- [Items from a dataset]
↓

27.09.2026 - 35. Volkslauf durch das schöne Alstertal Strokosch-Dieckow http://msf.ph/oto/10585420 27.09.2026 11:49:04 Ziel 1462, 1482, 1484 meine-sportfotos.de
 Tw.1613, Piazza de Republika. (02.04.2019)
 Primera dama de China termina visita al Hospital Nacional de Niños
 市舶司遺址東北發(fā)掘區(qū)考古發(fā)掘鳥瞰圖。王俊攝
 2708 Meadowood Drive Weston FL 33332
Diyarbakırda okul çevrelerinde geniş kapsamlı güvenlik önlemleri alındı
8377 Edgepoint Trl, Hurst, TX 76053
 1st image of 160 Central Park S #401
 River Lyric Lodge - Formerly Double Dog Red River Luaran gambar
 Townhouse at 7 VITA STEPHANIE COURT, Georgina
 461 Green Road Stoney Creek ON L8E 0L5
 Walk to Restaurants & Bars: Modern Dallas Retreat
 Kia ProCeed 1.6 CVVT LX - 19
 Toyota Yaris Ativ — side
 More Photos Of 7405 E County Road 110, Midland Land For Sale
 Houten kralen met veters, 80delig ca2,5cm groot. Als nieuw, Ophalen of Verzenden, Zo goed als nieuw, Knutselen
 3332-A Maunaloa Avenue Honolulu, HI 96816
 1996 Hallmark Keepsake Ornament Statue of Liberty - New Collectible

↑

- [Task requirements] All lines from the one containing "Toyota Yaris Ativ — side" to the end of the data above are to be set down exactly; no others belong in the answer.

- [Exercise response]
 Toyota Yaris Ativ — side
 More Photos Of 7405 E County Road 110, Midland Land For Sale
 Houten kralen met veters, 80delig ca2,5cm groot. Als nieuw, Ophalen of Verzenden, Zo goed als nieuw, Knutselen
 3332-A Maunaloa Avenue Honolulu, HI 96816
 1996 Hallmark Keepsake Ornament Statue of Liberty - New Collectible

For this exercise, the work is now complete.